- _Records shown_

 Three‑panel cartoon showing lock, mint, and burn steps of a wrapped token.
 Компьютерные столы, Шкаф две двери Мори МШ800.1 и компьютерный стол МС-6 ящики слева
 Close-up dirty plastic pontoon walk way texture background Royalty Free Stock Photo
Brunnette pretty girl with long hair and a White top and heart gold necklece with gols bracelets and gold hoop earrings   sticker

---

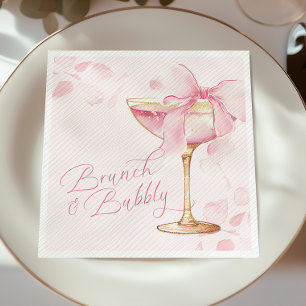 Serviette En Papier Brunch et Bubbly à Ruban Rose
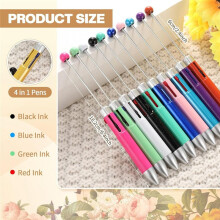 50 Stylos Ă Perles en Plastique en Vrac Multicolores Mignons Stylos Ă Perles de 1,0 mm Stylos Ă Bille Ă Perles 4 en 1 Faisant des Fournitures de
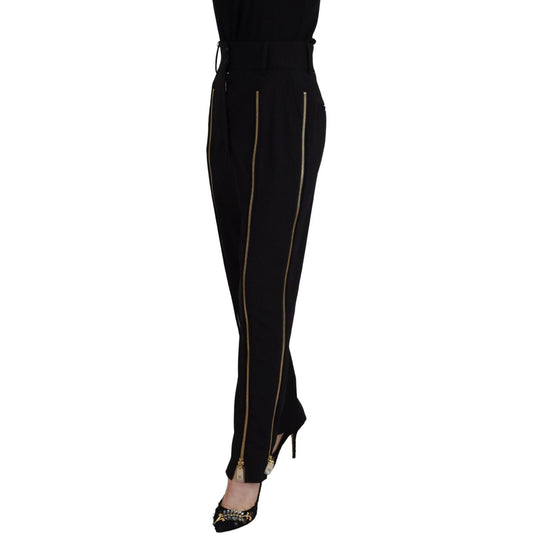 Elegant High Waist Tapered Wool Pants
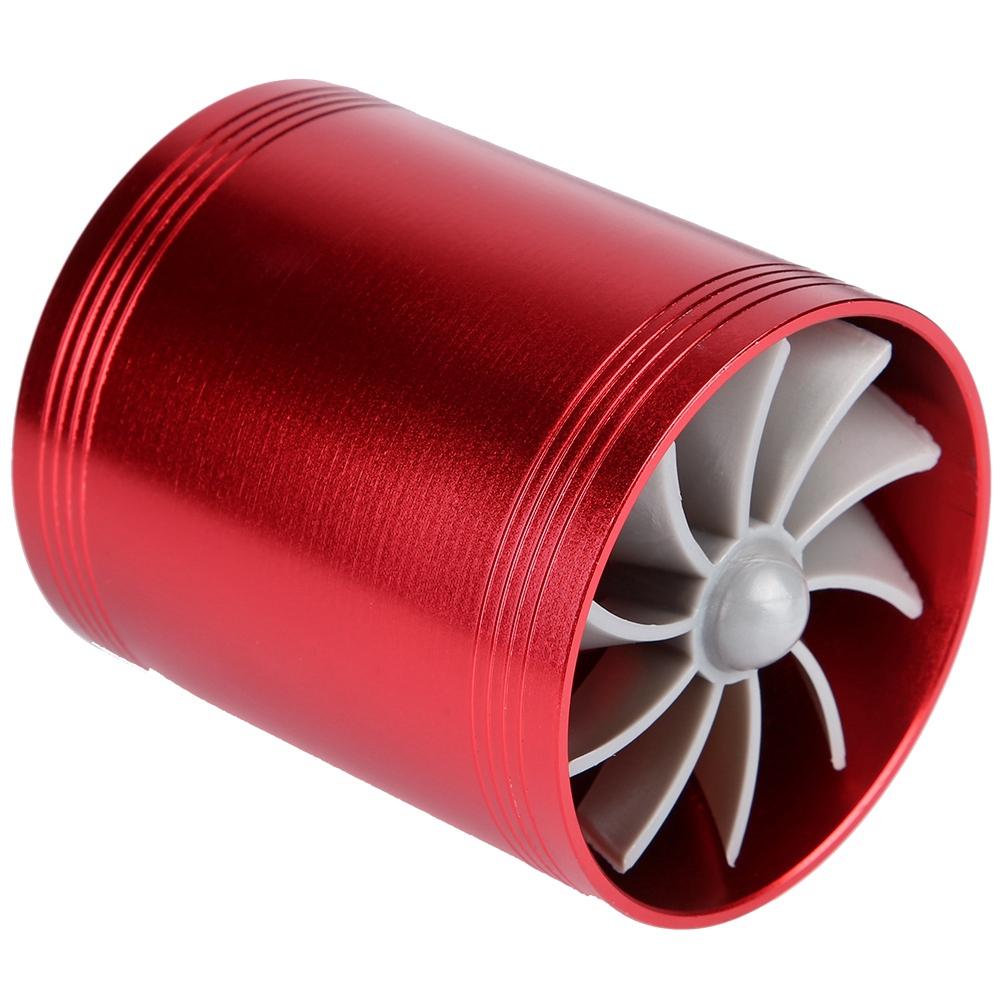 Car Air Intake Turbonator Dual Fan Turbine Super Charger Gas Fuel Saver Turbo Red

- _Requirement_
Could you write out, exactly as they stand, only the lines above that begin at the line with "Close-up dirty plastic" and stop after the line with "Brunnette pretty girl"?

- _Your solution_
 Close-up dirty plastic pontoon walk way texture background Royalty Free Stock Photo
Brunnette pretty girl with long hair and a White top and heart gold necklece with gols bracelets and gold hoop earrings   sticker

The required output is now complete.